Work item ::
Given the records underneath, please repeat exactly the lines from the line with "一人当たり売り上げ － 一人当たり獲" through the line with "Обложка книги R.C.", passing over any picture.

——

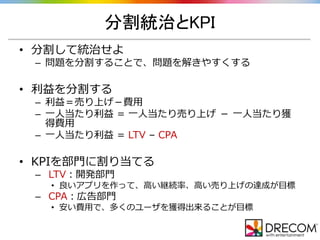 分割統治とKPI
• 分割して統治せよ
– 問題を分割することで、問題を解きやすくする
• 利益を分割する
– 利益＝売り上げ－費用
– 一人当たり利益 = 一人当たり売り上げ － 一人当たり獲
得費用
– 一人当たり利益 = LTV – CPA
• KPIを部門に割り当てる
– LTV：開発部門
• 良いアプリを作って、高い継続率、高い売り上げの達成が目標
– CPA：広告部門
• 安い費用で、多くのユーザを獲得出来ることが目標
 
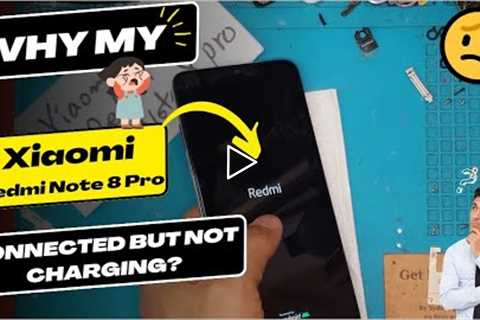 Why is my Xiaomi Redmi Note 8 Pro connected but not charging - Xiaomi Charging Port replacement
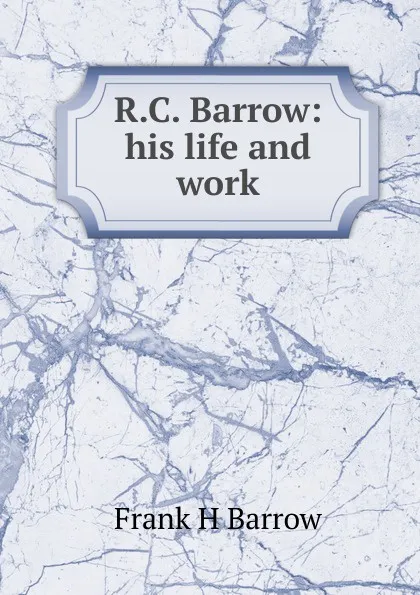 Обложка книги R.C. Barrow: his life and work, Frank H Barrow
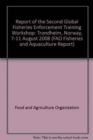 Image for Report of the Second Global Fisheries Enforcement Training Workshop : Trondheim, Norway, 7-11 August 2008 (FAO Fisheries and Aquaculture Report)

——

Your response ::
– 一人当たり利益 = 一人当たり売り上げ － 一人当たり獲
得費用
– 一人当たり利益 = LTV – CPA
• KPIを部門に割り当てる
– LTV：開発部門
• 良いアプリを作って、高い継続率、高い売り上げの達成が目標
– CPA：広告部門
• 安い費用で、多くのユーザを獲得出来ることが目標
 
 Why is my Xiaomi Redmi Note 8 Pro connected but not charging - Xiaomi Charging Port replacement
 Обложка книги R.C. Barrow: his life and work, Frank H Barrow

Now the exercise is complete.